Starting a workout routine can be a daunting task but really it isn’t and well worth it once you begin to feel the positive effects of a healthy body in conjunction with healthy eating. Finding the time to exercise is a big factor in starting a routine which is why a lot of people are turning to a firm work out at home.
No need for a gym or to buy equipment. All you need is your own body weight, floor, wall, chairs, basically, any home furnishing will work. You can use milk cartons or a big laundry detergent bottle for weights, just adjust the liquid to fit your strength needs. If you have carpet then you have cushioned, if you do not then a yoga mat would be a good purchase.
The benefits of a good aerobic workout raise your heart rate, breathing, improves heart, lungs, and circulatory system functions. It challenges and strengthens the cardiovascular system by increasing oxygen in your body, push waste products out of your body and pumps blood to working muscles.
An important first step is a dynamic warm-up! Before starting any workout routine you have to warm-up your muscles for up to five minutes. This will loosen the muscles by getting them ready for the routine ahead maximizing your fitness performance.
The Dynamic Warm-Up
Warming up before a workout gives better performance and fewer injuries. A dynamic warm-up can make a big difference in your fitness performance. You should always use active movement like hops, rotations, and chest compression to loosen the muscles and get the blood pumping.
A warm-up will be more dynamic if you warm up the muscles you are planning to work out that day. For example, if you were doing weights then it would be best to do rotations of the neck, torso, arms, and legs. If you are a runner than a light jog right before the run would be ideal.
The Dynamic Warm-Up – Beginners
If you’re just starting on your fitness journey here is a great beginners warm-up that can be done in the comforts of your home.
- Jump ropes for 30 seconds
- 10 Body squats
- 5 Leg Lunges
- 5 Elevated push-ups/wall push-ups
A simpler routine would be to simply march in place while swinging your arms across your chest, high knees and toe touches. Your warm-up should be 4-5 minutes long. You to make sure your muscles have loosened enough not to cause yourself an injury. Tight and constricted muscles will work against one another, therefore, wasting energies that would benefit your performance.
Do what you can do. Only you know your limitations. Listen to your body.
Quick Cardio Blast – 27 Minute Work-Out (no equipment needed)
Each exercise is 60 seconds.
- Butt kicks
- alternating side lunges
- Jumping Lunges
- Forearm plank (60 sec. hold)
- Alternating side planks (60 sec. hold)
- Mountain climbers
- Burpee jumping jacks
Repeat each set 3 times. Push yourself as much as you can and do your best! It’s okay if you can’t get through the entire routine the first time. The more you do it the better you will become.
You can shorten your time from 60 seconds to 30 seconds each exercise. Build your strength and keep pushing through it! Soon you will be able to do the routine easily and eager to move on to one more challenging.
You should get into a habit of working out at least 30 minutes, 3 days a week. The last stage of the routine is the cooldown. Although, is not as necessary as the warm-up it is still beneficial to your body.
The Cool Down – Stretching is Optional
A cool down is a routine that allows your body to relax and lowers your heart rate. It is designed to get your body back to its normal pace for quicker recovery time.
Alternative methods can be yoga, meditation, a slow jog, or a walk. You do not have to have a set routine. Anything you can do that will lower your heart rate will work as a cool down. Below are a few examples of exercises you can do.
Aerobics challenges and strengthens the cardiovascular system by increasing its overall performance. It is a low to high-intensity work out that can be done in the comforts of your home with no equipment needed.
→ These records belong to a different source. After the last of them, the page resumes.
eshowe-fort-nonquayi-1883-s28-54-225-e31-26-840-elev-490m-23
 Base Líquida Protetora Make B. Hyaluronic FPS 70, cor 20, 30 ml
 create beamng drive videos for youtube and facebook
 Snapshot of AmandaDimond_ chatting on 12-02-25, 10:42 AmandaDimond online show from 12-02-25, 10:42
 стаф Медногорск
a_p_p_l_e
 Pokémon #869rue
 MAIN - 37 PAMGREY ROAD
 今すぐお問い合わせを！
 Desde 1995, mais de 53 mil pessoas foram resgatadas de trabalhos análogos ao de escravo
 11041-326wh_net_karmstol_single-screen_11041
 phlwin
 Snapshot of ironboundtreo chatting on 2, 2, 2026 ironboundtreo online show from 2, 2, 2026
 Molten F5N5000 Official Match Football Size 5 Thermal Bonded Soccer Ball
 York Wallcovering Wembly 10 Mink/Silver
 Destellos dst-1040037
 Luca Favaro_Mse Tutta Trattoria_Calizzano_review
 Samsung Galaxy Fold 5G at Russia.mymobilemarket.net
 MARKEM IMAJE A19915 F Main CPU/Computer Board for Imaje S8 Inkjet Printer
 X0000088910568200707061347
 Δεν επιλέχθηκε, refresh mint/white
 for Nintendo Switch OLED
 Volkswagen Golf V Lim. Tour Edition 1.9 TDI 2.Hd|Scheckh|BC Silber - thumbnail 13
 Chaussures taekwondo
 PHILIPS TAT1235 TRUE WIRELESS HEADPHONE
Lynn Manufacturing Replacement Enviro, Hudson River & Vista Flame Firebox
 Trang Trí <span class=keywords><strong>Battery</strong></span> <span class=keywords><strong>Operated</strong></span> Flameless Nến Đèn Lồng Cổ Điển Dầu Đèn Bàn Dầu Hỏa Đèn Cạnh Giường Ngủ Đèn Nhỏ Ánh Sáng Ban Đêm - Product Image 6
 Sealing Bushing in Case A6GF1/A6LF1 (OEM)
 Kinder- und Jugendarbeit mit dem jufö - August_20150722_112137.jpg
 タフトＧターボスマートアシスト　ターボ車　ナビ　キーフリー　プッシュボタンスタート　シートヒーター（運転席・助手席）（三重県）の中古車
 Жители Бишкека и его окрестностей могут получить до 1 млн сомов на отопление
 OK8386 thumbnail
This firm workout gives you all that is needed in a full body cardio blast in about 27 minutes. It is not necessary to follow the routines by the letter but to try your best at each exercise. You know what you are capable of and what your body can withstand.
Find a routine that fits your individual fitness goals and needs. These routines can be tailor-made to fit you, your lifestyle, physical abilities/limitations, and time constraints. Search the internet, ask people, do your homework and research. It will benefit YOU in the end.
I am adding a Post Work Out Gummie Recipe that can be quickly made. Refreshing a fruity, it’s a quick pick me up and helps with your recovery time.
In a small saucepan over low to medium heat combine 1 cup unsweetened cherry juice, 1 large lemon (juiced), and 1 tbsp, raw honey. Slowly mix in 5 tbs. Gelatin (grass-fed beef), and stir till dissolved. Pour mixture into ice cube trays and refrigerate for about an hour or until gelatin is firm.